My Blueberry Nights

As the extreme closeups of gooey ice cream melting into viscous blueberry pie made my pre-lunch stomach grumble, I thought at first that Wong Kar-Wai’s My Blueberry Nights would turn out to be a brave and somewhat unusual art-house film for foodies. Perhaps Wong Kar-Wai would at long last inform snobs of food and snobs of life that there was indeed good eating and good living to be found in the more populist corners of the earth.

But as the film played out, the film’s major flaw presented itself to me: everything about it is too close. The characters talk in restaurants, hotel rooms, casinos, and ancillary pit stops. But their backstories are as unnaturally vacant as the streets of New York. Wong Kar-Wai and co-writer Lawrence Block seem to prefer gushing monologues — such as one delivered by Rachel Weisz while she sits on a street curb — over the minute human moments one observes quite readily in a glance at a restaurant.

For example, we see David Straithairn playing an alcoholic by night and a dutiful cop who orders chicken steaks in a diner by day, but, outside of the tall and quiet grace that Straithairn brings to his performance, we never get a true sense of his inner turmoil, save through his tab of unpaid bills bar swinging as dutifully as the traffic signals in Memphis.

A concern for peripheral objects may work well for the rudderless drifters in a Haruki Murakami novel or the precision one finds celebrated within Nicholson Baker’s work, but this film is absolutely clumsy on this point. Wong Kar-Wai seems to want a highly stylized fantasy predicated upon a vaguely gritty (and thus audience-friendly) portrayal of American bars and diners. Something he doesn’t quite seem to understand. Presumably, this is why he hired Lawrence Block. But while Block brings his pork chop chops to an entertaining Nevada hustler played by Natalie Portman, Block ain’t exactly a guy who can bring a meet cute gravitas to a relationship between Jude Law and Norah Jones, particularly when the pie-lipped propinquity is hinged upon a borderline date rape denouement.

This film may be something of a gamble for Wong Kar-Wai, but the die is miscast. You simply don’t hire a hunky leading man like Jude Law to be a cafe proprietor. Not if you care about verisimilitude. Law is as flagrant as John Wayne’s Roman centurion supervising Christ’s execution in The Greatest Story Ever Told. The good people who work in the service sector remain largely anonymous, and it would have behooved Wong Kar-Wai to settle for a more interesting character actor in this part. And you don’t hire a doe-eyed cipher like Norah Jones to play a character who has no goal in life other than to work all the time and wander aimlessly around the States. Let me put it to you this way: The paint currently peeling outside my window has more personality than Norah Jones’s execrable Elizabeth, who learns nothing from being mugged on a subway or being dumped by her main man.
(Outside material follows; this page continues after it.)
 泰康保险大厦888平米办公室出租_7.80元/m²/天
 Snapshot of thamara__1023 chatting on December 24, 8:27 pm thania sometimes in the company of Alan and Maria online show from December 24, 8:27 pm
Law’s Jeremy has a jar in his cafe in which people deposit and pickup their keys. But Cameron Crowe was much better with this idea in Say Anything. At times, My Blueberry Nights was so humorless that I longed for John Cusack to emerge and say, “You must chill! I have hidden your keys.” Instead, we get pretentious lines like “If I throw these keys away, those doors could be closed forever.”

I should also observe that Darius Khondji’s cinematography is taken with doors. There are conversations in doors. A PULL sign on the door of a Memphis bar gets prominent coverage. If My Blueberry Nights doesn’t work as Food Network counterprogramming, then it will certainly excite any JELD-WEN employee who remains convinced that his hard work is a thankless job.

Of course, it isn’t all doors. Dark cars in the night are backlit by rain. There are limitless red and green neons. The film looks good, but it can’t transpose any of these intriguing symbols into the story. It’s a telling sign that moments in Elizabeth’s cross-country journey are interspersed with title cards such as DAY 57 — 1,120 MILES FROM NY. This is less a meaningful reference point and more of a Godard-like conceit.

Wong Kar-Wai is too great a fillmmaker for this. I’d hate to think that anyone unfamiliar with his work would sample this film first before Chungking Express, Happy Together, or 2046, all great films in which Wong Kar-Wai clearly found his thrill. But Blueberry, along with the remake of The Lady from Shanghai that’s purportedly in the works, suggests that Wong Kar-Wai is veering away from the distinctness that made him special. And if he isn’t careful, he may prove to be as ignored as the blueberry pie that sits uneaten in Jeremy’s cafe.

2 Comments

  1. This film put me in an unusual position: the pies made me really, really hungry, while Norah Jones’ performance made me lose my appetite. Or at least it would have were I not pregnant. And how lame that they used her music.

    In addition, the bloody noses were just ridiculous.